The name York originally referred to the township established in 1850 that stretched from the Humber River east to Scarborough Township and from the lake up to what is now Steeles Avenue. As Toronto grew, it annexed communities in the township like Parkdale, Deer Park and Yorkville, continually shrinking York until the “Municipality of Metropolitian Toronto” was created in 1954, establishing the City of York with what was left over. In the final edition of the York Municipal Code — a sad book without a city — the preface boasts “York is a pleasant surprise in Metropolitian Toronto, with a future that holds promise!”

Eglinton and Dufferin mark what was once Fairbank, one of the many hamlets that were eventually consumed by Toronto’s growth. The name survives on a few buildings, like The New Fairbank Hotel, a stucco-clad “gentleman’s club” just north on Dufferin.

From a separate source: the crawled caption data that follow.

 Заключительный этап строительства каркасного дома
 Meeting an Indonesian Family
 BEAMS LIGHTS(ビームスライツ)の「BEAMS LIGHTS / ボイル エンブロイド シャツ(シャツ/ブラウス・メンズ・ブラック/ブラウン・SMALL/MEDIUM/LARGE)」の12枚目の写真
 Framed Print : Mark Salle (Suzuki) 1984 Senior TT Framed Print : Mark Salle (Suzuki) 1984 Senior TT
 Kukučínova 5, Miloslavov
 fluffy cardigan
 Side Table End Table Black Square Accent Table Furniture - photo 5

It sits next to The Universal Church, an architectural atrocity that is best described as the Roman Coliseum built suburban style. Dufferin, from here north, is one of Toronto’s ugliest streets, one you don’t want to show visitors.

All along Eglinton, a handful of surviving Italian businesses hint that this was a third Little Italy, behind the College and St. Clair communities. However, as with those two more established areas, the Italians have been slowly evacuating, travelling up Dufferin to Woodbridge, just as Toronto’s Jewish population has been migrating from the Kensington area up Bathurst to Thornhill.

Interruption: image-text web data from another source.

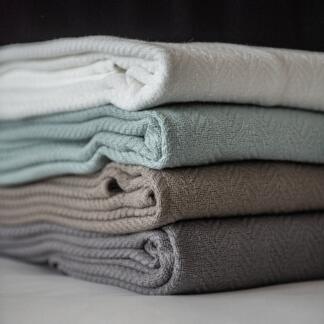 Chevron Cotton Blanket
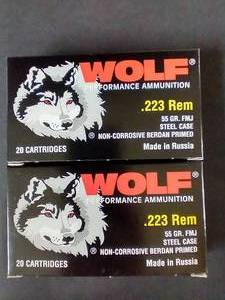 lot 79 image: 40 Rounds .223 FMJ Ammunition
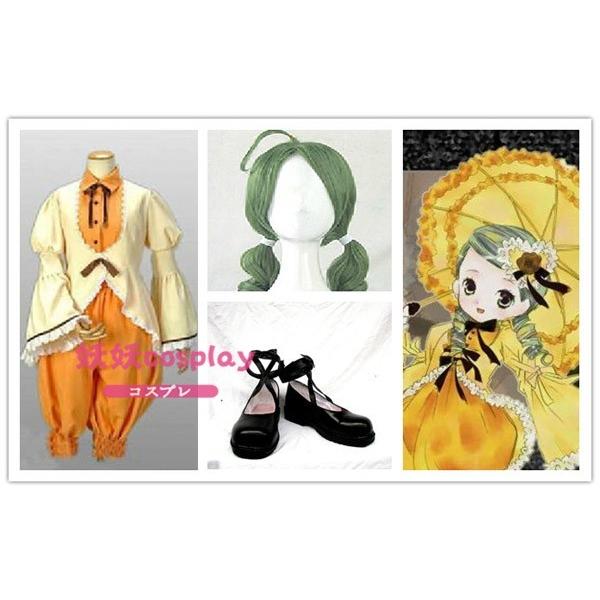 Maiden Maiden ローゼンメイデン 真紅 蒼星石 真紅 金糸雀 翠星石 Rozen 雛苺 水銀燈 コスプレ衣装 ウイッグ 靴 Rozen 忘年会 文化祭 仮装 豪華 華麗 高品質 Qwsn Jsq 6 サンダー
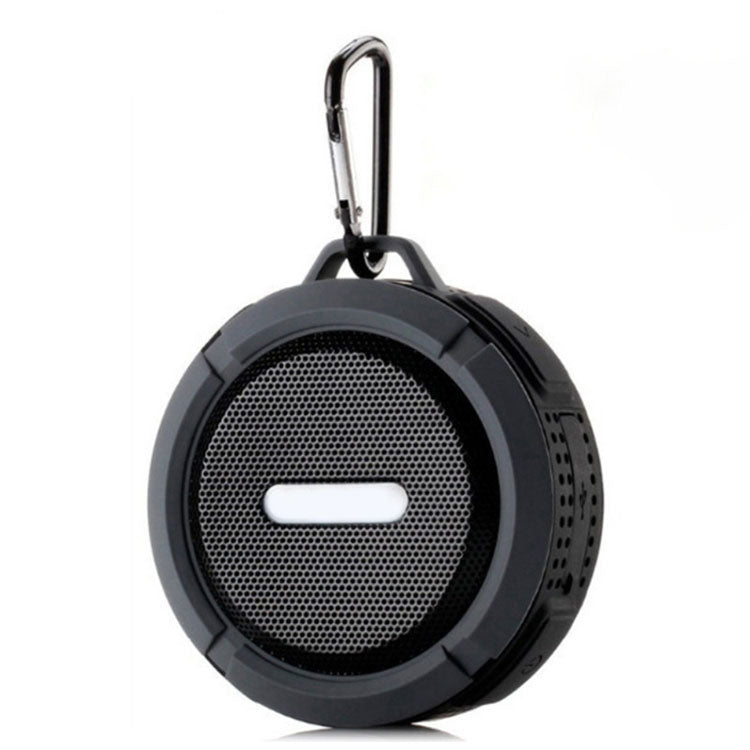 C6 Outdoor Water-resistant Bluetooth Speaker with Suction, Support Hands-free Calling(Black)
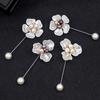 Collar Gifts For Women Corsage Fashion Rose Flower Accessories Long Needle Pins Brooches Jewelry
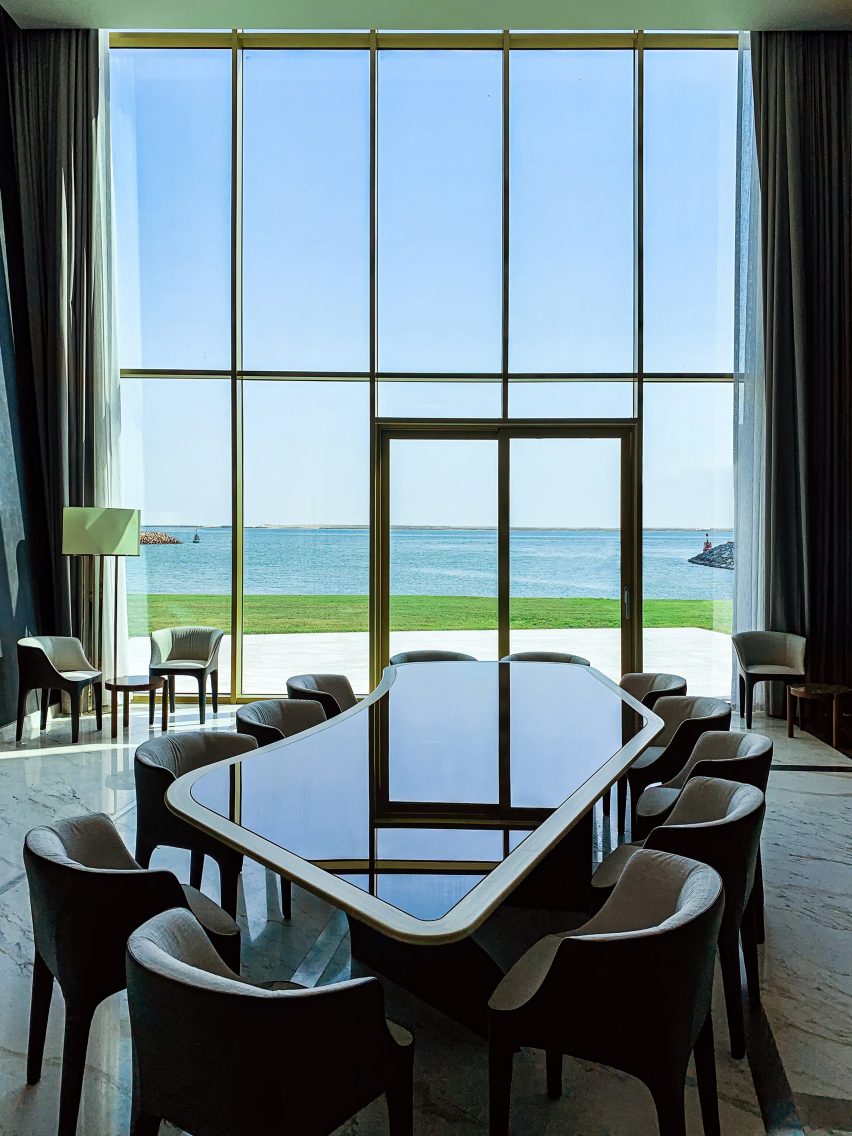 Dining room in Abu Dhabi villa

The area beyond Dufferin south of Eglinton is one of Toronto’s unique neighbourhoods. Though it has no defining style, and even the most passionate Toronto booster would not call it beautiful, the topography makes this area charming. Built on a series of hills and valleys, streets make sharp turns and dead-end abruptly, sometimes at a grade that looks too steep for cars. Toronto has been called “San Francisco upside down” because of its many deep ravines (as opposed to hills), but this part of Toronto could easily be “Little San Francisco” — though instead of multi-million dollar Nob or Russian Hill homes, the York counterpart has treeless lots with brick bungalows, rusting Buick Centuries and Pontiac Fieros parked out front and copies of the Toronto Sun in the blue boxes, tiny manicured lawns and lots of interlocking brick. There are numerous Mary Poppins–style views above rooftops and chimneys, as well as parks with secret escapes up outdoor staircases.

Back on Eglinton, before it slopes down into the Humber Valley toward the Etobicoke Skyline, there is a break in the continuous streetscape with a large plaza that includes a Canadian Tire and Shoppers Drug Mart. A busy café there with a proper espresso machine looks across the street at a rise in the land that exposes a strip of residential backyards in an almost obscene manner, as if the houses were caught with their pants down. Below, in a space carved out of the ridge, an Adult Video Plus does business next to the Ready Lube, itself adjacent to the Aromatic Sensation Massage Parlour — an accidentally appropriate combination. It’s a typical Canadian landscape, but perhaps one we don’t like to talk about.

When I reach Keele, I turn south and pass through a non-descript but still functioning commercial block — York is full of them. At Rogers Road, there is another strange architectural oddity, a multi-coloured apartment building on top of a huge concrete parking garage. It’s a little bit of Holland in Toronto, or someone’s Dutch nightmare, depending on one’s tolerance for kitschy landmarks.

A left on Rogers Road leads east, back into deep York. A complex five-point intersection where Rogers meets Old Weston Road and Watt Streets is a chaotic European-­
style mess of traffic that somehow works. On one corner the Nova Era café overlooks the traffic flow, as do a Pizza Pizza, a Petro Canada and a Portuguese restaurant. In so many upscale suburbs you can walk kilometres without finding services like these but York, despite its dowdiness, is still a real city.

Had York developed sufficiently before the age of the automobile, this could be one of Toronto’s greatest intersections, maybe even marking the centre of York. However, like the Caribbean strip up on Eglinton, York — or the idea of York — lives quietly tucked away in a corner of Toronto only the locals know about, asking to be discovered.